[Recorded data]
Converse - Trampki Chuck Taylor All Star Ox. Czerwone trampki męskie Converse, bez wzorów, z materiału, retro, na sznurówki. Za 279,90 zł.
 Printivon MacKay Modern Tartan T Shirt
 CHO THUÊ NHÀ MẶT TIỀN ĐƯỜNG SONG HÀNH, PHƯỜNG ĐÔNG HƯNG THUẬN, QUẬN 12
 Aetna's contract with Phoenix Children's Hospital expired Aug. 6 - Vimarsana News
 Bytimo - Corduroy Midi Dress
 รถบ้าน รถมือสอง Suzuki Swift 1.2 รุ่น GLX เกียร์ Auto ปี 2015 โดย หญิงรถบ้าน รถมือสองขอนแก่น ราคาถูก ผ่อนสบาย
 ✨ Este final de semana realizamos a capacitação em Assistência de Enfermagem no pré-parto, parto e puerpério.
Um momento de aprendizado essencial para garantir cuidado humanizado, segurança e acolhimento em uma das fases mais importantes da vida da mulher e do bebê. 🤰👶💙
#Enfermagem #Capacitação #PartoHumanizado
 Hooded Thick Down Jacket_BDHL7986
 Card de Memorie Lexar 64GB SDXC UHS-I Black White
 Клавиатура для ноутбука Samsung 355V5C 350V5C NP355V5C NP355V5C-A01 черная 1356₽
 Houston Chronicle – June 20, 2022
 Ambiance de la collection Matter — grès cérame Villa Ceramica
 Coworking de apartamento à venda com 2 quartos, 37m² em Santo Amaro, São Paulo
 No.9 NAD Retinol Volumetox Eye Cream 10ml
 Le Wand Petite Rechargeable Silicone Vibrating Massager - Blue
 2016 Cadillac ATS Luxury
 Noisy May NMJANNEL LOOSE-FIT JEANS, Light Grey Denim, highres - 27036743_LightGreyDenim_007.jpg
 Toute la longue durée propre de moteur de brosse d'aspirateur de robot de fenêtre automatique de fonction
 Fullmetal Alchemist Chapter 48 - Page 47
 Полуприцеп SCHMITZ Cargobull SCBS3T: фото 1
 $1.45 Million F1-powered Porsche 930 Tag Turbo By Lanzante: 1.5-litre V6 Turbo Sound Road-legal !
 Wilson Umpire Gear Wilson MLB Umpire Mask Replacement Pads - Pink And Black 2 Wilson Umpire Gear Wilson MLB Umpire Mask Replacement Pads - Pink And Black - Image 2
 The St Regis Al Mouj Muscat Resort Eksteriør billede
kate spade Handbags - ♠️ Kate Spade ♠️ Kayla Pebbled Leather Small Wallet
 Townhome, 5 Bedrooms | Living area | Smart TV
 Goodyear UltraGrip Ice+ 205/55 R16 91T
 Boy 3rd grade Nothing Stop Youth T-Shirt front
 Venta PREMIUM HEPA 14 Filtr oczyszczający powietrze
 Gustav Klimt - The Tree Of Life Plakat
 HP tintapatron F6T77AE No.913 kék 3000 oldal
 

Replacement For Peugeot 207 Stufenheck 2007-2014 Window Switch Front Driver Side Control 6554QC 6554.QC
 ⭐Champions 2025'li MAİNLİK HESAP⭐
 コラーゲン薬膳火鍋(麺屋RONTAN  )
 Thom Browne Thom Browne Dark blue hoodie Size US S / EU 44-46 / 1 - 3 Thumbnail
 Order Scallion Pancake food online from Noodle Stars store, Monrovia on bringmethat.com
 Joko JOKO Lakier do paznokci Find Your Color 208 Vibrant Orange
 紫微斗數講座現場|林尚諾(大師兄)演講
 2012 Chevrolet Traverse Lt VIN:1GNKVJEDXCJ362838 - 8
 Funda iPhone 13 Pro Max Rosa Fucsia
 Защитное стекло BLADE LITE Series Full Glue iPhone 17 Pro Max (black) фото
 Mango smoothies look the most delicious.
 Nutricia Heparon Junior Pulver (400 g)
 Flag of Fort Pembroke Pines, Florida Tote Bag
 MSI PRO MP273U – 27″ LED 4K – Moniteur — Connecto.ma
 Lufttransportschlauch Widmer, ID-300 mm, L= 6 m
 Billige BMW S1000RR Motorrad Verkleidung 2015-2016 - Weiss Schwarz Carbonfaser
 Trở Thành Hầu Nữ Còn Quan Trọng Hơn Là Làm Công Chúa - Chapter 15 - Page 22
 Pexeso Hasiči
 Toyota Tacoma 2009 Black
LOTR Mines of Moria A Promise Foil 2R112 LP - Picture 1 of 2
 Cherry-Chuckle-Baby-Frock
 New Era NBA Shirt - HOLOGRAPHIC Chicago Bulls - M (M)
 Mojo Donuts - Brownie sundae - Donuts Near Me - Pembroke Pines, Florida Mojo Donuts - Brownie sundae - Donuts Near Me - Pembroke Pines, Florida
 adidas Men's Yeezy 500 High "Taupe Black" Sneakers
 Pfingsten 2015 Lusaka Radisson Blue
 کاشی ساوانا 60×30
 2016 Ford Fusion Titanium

What the task asks ->
With every line intact, print the records above again.

Reply to the task ->
Converse - Trampki Chuck Taylor All Star Ox. Czerwone trampki męskie Converse, bez wzorów, z materiału, retro, na sznurówki. Za 279,90 zł.
 Printivon MacKay Modern Tartan T Shirt
 CHO THUÊ NHÀ MẶT TIỀN ĐƯỜNG SONG HÀNH, PHƯỜNG ĐÔNG HƯNG THUẬN, QUẬN 12
 Aetna's contract with Phoenix Children's Hospital expired Aug. 6 - Vimarsana News
 Bytimo - Corduroy Midi Dress
 รถบ้าน รถมือสอง Suzuki Swift 1.2 รุ่น GLX เกียร์ Auto ปี 2015 โดย หญิงรถบ้าน รถมือสองขอนแก่น ราคาถูก ผ่อนสบาย
 ✨ Este final de semana realizamos a capacitação em Assistência de Enfermagem no pré-parto, parto e puerpério.
Um momento de aprendizado essencial para garantir cuidado humanizado, segurança e acolhimento em uma das fases mais importantes da vida da mulher e do bebê. 🤰👶💙
#Enfermagem #Capacitação #PartoHumanizado
 Hooded Thick Down Jacket_BDHL7986
 Card de Memorie Lexar 64GB SDXC UHS-I Black White
 Клавиатура для ноутбука Samsung 355V5C 350V5C NP355V5C NP355V5C-A01 черная 1356₽
 Houston Chronicle – June 20, 2022
 Ambiance de la collection Matter — grès cérame Villa Ceramica
 Coworking de apartamento à venda com 2 quartos, 37m² em Santo Amaro, São Paulo
 No.9 NAD Retinol Volumetox Eye Cream 10ml
 Le Wand Petite Rechargeable Silicone Vibrating Massager - Blue
 2016 Cadillac ATS Luxury
 Noisy May NMJANNEL LOOSE-FIT JEANS, Light Grey Denim, highres - 27036743_LightGreyDenim_007.jpg
 Toute la longue durée propre de moteur de brosse d'aspirateur de robot de fenêtre automatique de fonction
 Fullmetal Alchemist Chapter 48 - Page 47
 Полуприцеп SCHMITZ Cargobull SCBS3T: фото 1
 $1.45 Million F1-powered Porsche 930 Tag Turbo By Lanzante: 1.5-litre V6 Turbo Sound Road-legal !
 Wilson Umpire Gear Wilson MLB Umpire Mask Replacement Pads - Pink And Black 2 Wilson Umpire Gear Wilson MLB Umpire Mask Replacement Pads - Pink And Black - Image 2
 The St Regis Al Mouj Muscat Resort Eksteriør billede
kate spade Handbags - ♠️ Kate Spade ♠️ Kayla Pebbled Leather Small Wallet
 Townhome, 5 Bedrooms | Living area | Smart TV
 Goodyear UltraGrip Ice+ 205/55 R16 91T
 Boy 3rd grade Nothing Stop Youth T-Shirt front
 Venta PREMIUM HEPA 14 Filtr oczyszczający powietrze
 Gustav Klimt - The Tree Of Life Plakat
 HP tintapatron F6T77AE No.913 kék 3000 oldal
 

Replacement For Peugeot 207 Stufenheck 2007-2014 Window Switch Front Driver Side Control 6554QC 6554.QC
 ⭐Champions 2025'li MAİNLİK HESAP⭐
 コラーゲン薬膳火鍋(麺屋RONTAN  )
 Thom Browne Thom Browne Dark blue hoodie Size US S / EU 44-46 / 1 - 3 Thumbnail
 Order Scallion Pancake food online from Noodle Stars store, Monrovia on bringmethat.com
 Joko JOKO Lakier do paznokci Find Your Color 208 Vibrant Orange
 紫微斗數講座現場|林尚諾(大師兄)演講
 2012 Chevrolet Traverse Lt VIN:1GNKVJEDXCJ362838 - 8
 Funda iPhone 13 Pro Max Rosa Fucsia
 Защитное стекло BLADE LITE Series Full Glue iPhone 17 Pro Max (black) фото
 Mango smoothies look the most delicious.
 Nutricia Heparon Junior Pulver (400 g)
 Flag of Fort Pembroke Pines, Florida Tote Bag
 MSI PRO MP273U – 27″ LED 4K – Moniteur — Connecto.ma
 Lufttransportschlauch Widmer, ID-300 mm, L= 6 m
 Billige BMW S1000RR Motorrad Verkleidung 2015-2016 - Weiss Schwarz Carbonfaser
 Trở Thành Hầu Nữ Còn Quan Trọng Hơn Là Làm Công Chúa - Chapter 15 - Page 22
 Pexeso Hasiči
 Toyota Tacoma 2009 Black
LOTR Mines of Moria A Promise Foil 2R112 LP - Picture 1 of 2
 Cherry-Chuckle-Baby-Frock
 New Era NBA Shirt - HOLOGRAPHIC Chicago Bulls - M (M)
 Mojo Donuts - Brownie sundae - Donuts Near Me - Pembroke Pines, Florida Mojo Donuts - Brownie sundae - Donuts Near Me - Pembroke Pines, Florida
 adidas Men's Yeezy 500 High "Taupe Black" Sneakers
 Pfingsten 2015 Lusaka Radisson Blue
 کاشی ساوانا 60×30
 2016 Ford Fusion Titanium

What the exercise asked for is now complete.